Bleak House

The ‘Beautiful Game Tour‘ (aka Liverpool FC) rolls into Cardiff today for a game at the Cardiff City Stadium, or Bleak House as I am now prone to calling it, as a tease to my long-suffering resident season ticket holder. “What the dickens is going on?” I ask, when the ‘delusional one‘ begins to extol something approaching ‘Great Expectations‘ regarding the fortunes of the home team. “This may well be A Tale of Two Cities I reply, but “if you believe in hope for your team today you must have lost yourself in The Old Curiosity Shop of dreams”. I hate to be the bearer of bad news, particularly for those who ultimately provide the basis of my laid back lifestyle, but… “your lot are falling on Hard Times I mutter under my breath. Local fans should take a lead from Oliver Twist, as the outcome from today is likely to be no more than a bowl of gruel.

In the tale of two cities theme, it is the challenge of the former docklands as the Pierhead Building takes on the Liver Building:

Pierhead Building     V.              

 

But for me, it is yet another lunch teaser… what is it with these football teams and bird mascots? You watch your match, I’m going to dream about a Bluebird starter followed by a roast Liver Bird.

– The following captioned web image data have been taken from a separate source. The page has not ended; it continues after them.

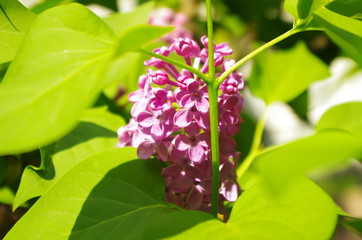 Beautiful plants, flowers and trees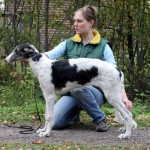 Borzoi Tsarski Knyaginya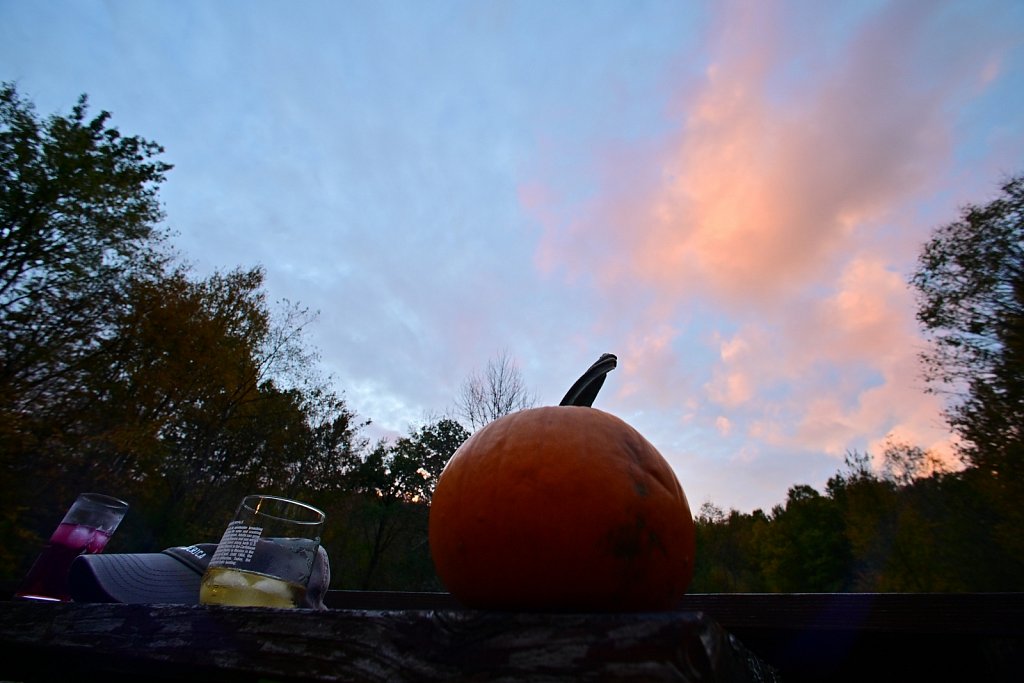 Fall 2024 Upstate NY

It’s 3.00p.m. on a trepidatious Saturday afternoon for the local desperados…

City v Liverpool [1]

… but wait, some people have clearly not read the script. Rumour has it these days that Liverpool FC use their pace to overwhelm the opposition from the kick-off, then ease back as the match goes on. Eight minutes on the clock and up steps the aptly Dickensian named Jordan Mutch to put Cardiff City into a surprising but deserved 1-0 lead. Only a few pages into the book and the home fans are already sensing a happy ending. However, The Artful Dodger, (Louis Suarez), hits back with an equalising goal on 16 minutes. The home fans remain upbeat, and on 24 minutes are again aptly rewarded by a Dickensian double of Jordan Mutch passing to Frazier Campbell for the second goal.

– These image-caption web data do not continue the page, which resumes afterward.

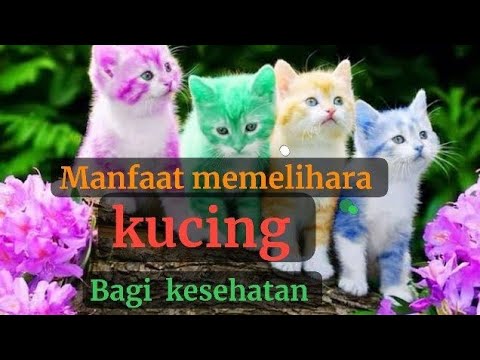 Manfaat memelihara  kucing  untuk kesehatan
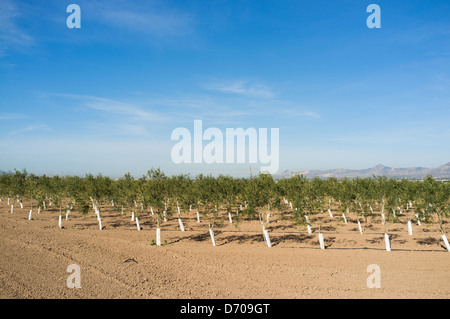 Olive Tree Arboretum mit vielen jungen Exemplaren wächst in Reihen Stockfoto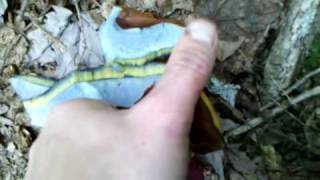 Bolete Bruising Blue [upl. by Sergent]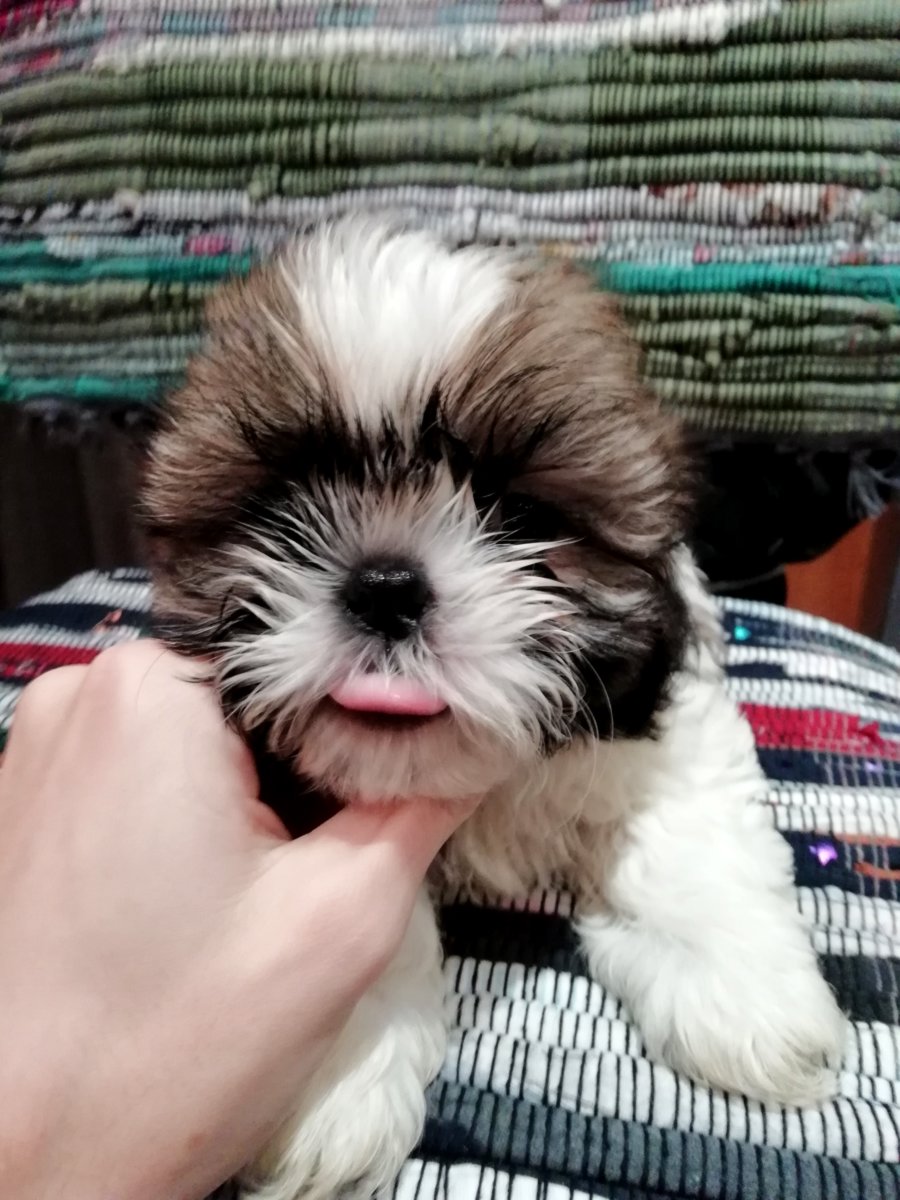 Идеальные щенки Ши-Тцу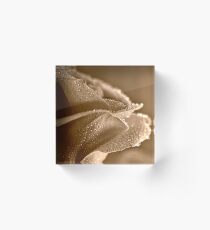 Raindrops on Sepia Rose Acrylic Block
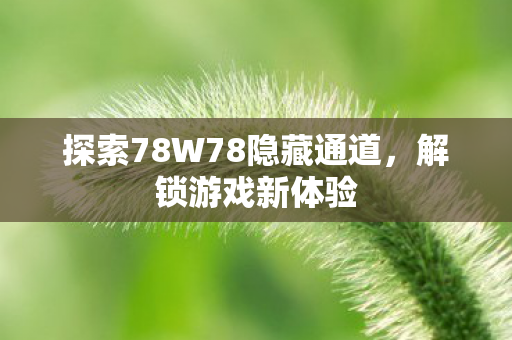 探索78W78隐藏通道，解锁游戏新体验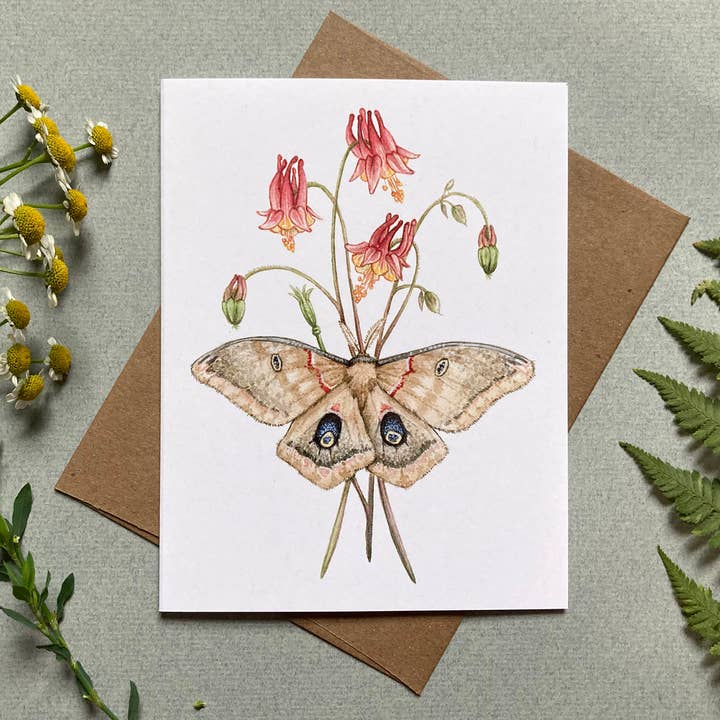 Lucinda Rowe Art - Wholesale Stationery/Notecard Set - Notecard Set - 6 Moths & Wildflowers On Blank Recycled Cards4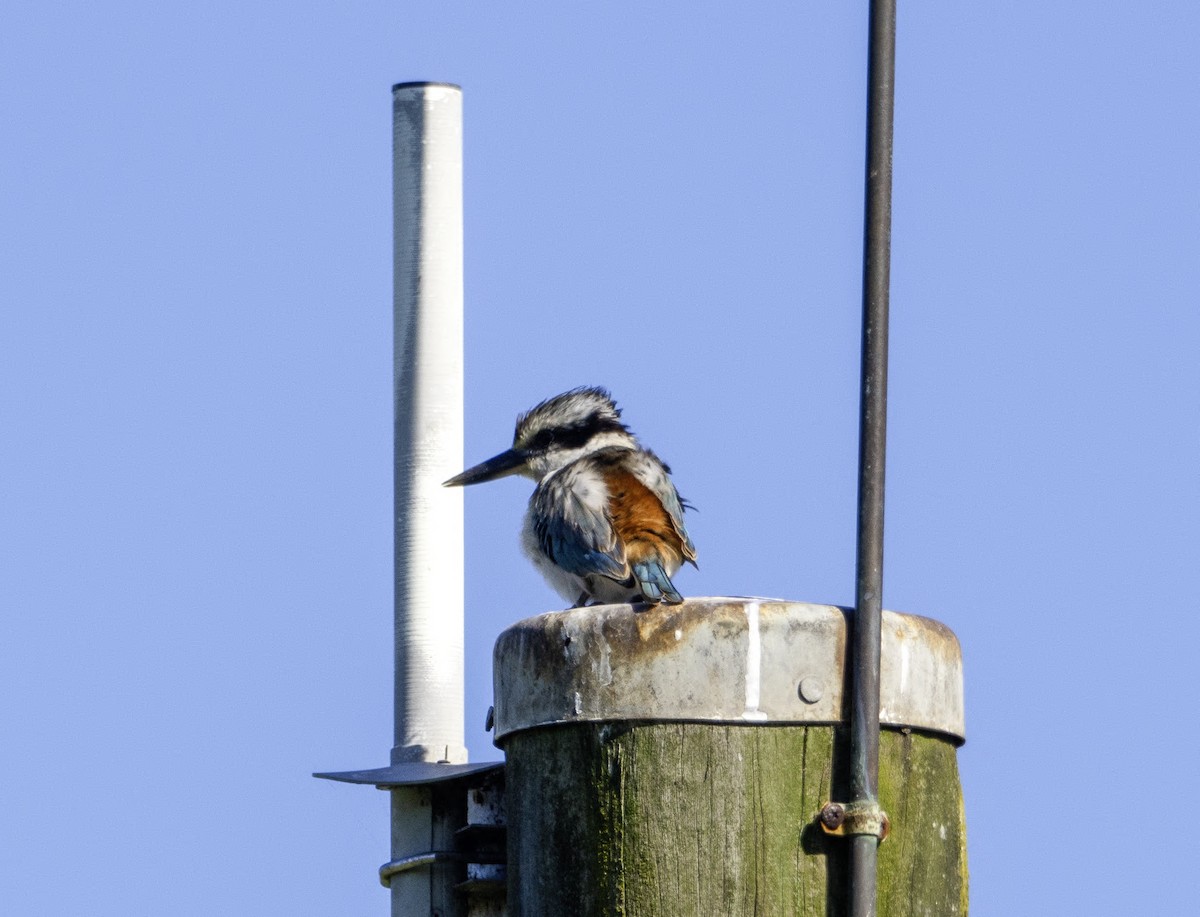 Red-backed Kingfisher - Carol Abbott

Scrooge has clearly had no hand in the influencing of either teams defence, as later in the half Martin Skrtel equalises for Liverpool. The home fans turn their joy into a less than warm reception for their hated owner, the Uriah Heep type villain who makes Miss Havisham’s neglect and final destruction of her own home look like a blueprint for his ultimate intentions in CF11. “We’ll always be blue” is repeatedly chanted by the home fans, waving a mass of blue scarves in support of their team playing in red! It could easily have been a song that a young Charles Dickens sang while his father and other family members were incarcerated in Marshalsea Debtors Prison back in the early 19th century.

Half-time brings rapturous applause from all parts of the stadium… 2-2. It is looking like the Bob Cratchett’s and Joe Gargery’s of the world might just be getting some reward for their honest toil. As the second half begins someone in the crowd is making their views known across the pitch to the empty seat where the owner should have been sitting…

City v Liverpool [3]Rumour has it that Bill Sikes is trying out new disguises in order to camouflage his misdemeanours in the locality…

  

The Great Expectations of the first half soon begin to descend into a Bleak House of a second half, as The Artful Dodger (Louis Suarez) and his accomplice Fagin (Daniel Sturridge) pick the pockets of their hosts relentlessly. 2-3 quickly becomes 2-4. At 2-5 it is very clear that Pip, the fresh-faced young Cardiff manager is out of his depth, and his team have found themselves deep in a truly Dickensian workhouse scenario, finding it increasingly difficult to extricate themselves from a perilous position in the relegation places in the Premier LeagueJordan Mutch gets an unlikely third goal to give the largely silent home fans something to get passionate about. But, as the minutes of added on injury time ebb away another pocket is picked by The Artful Dodger. And the final score at ‘the beautiful game’…

     3  v  6   

My ‘perplexed companion‘ is left bewildered, as the home team rarely score 3 goals at home this season… now that they have achieved the feat it comes at the cost of double the number of goals conceded. Life can be strange, but for those that support Cardiff City FC football can be a kick in the teeth (frequently, it would seem). Until we speak again I am  going to be Edwin Drood Juno, walking the streets of Cardiff in search of material for the unfinished story that is this blog.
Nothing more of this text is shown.